Income generated from the farmee's activities will go partly to the farmor as a royalty payment and partly to the farmee in percentages determined by the agreement.
More generically, a farmout may also refer to any other instance where some activities are outsourced, such as farming out investment strategies by a portfolio manager to a sub-manager.
A company may decide to enter into a farmout agreement with a third party if it wants to maintain its interest in an exploration block or drilling acreage but wants to reduce its risk or doesn't have the money to undertake the operations that are desirable for that interest. Farmout agreements give farmees a potential profit opportunity that they would not otherwise have access to. Government approval may be necessary before a farmout deal can be finalized.
The farmor usually receives a royalty payment once the field is developed and producing oil or gas, with the option to convert the royalty back into a specified working interest in the block after paying for drilling and production expenses that were incurred by the farmee. This type of option is commonly known as a back-in after payout (BIAPO) arrangement.
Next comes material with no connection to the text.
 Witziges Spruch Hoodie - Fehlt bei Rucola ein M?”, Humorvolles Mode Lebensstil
Farmout agreements are effective risk management tools for smaller oil companies. Without them, some oil fields would simply remain undeveloped due to the high risks facing any single operator.
Farmout agreements are very popular with smaller oil and gas producers who own or have rights to oil fields that are expensive or difficult to develop. One company that makes frequent use of this type of arrangement is Kosmos Energy (NYSE: KOS). Kosmos has rights to acreage off the coast of Ghana, but the cost and risks to develop these resources are high because they are underwater.
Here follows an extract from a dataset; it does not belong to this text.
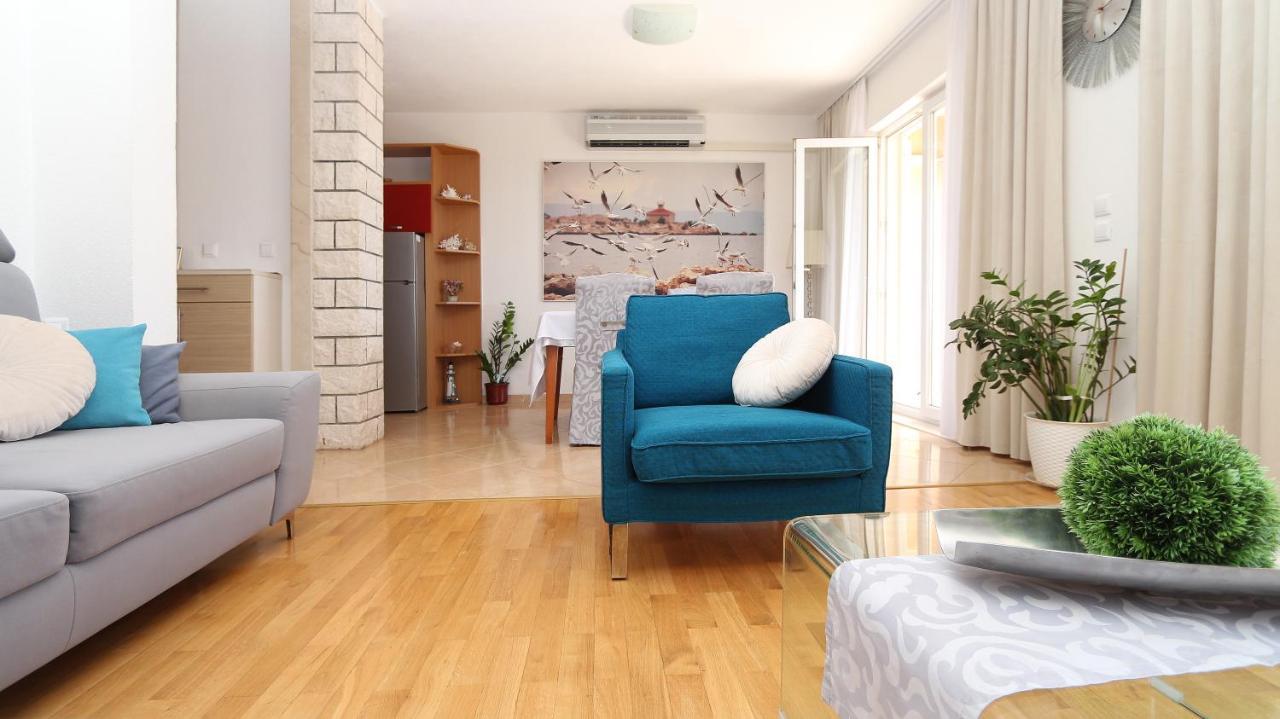 Apartments Emilija Makarska Eksteriør billede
To help reduce these risks, Kosmos "farms out" its acreage to third parties like Hess (HES), Tullow Oil, and British Petroleum (BP). Doing so allows these offshore blocks to be developed and generate cash flow for all the parties involved. A farmee like Hess takes on the obligation to develop the field and, in return, has the right to sell oil that is produced there. Kosmos, as the farmor, earns a royalty payment from Hess for supplying the acreage and the natural resource.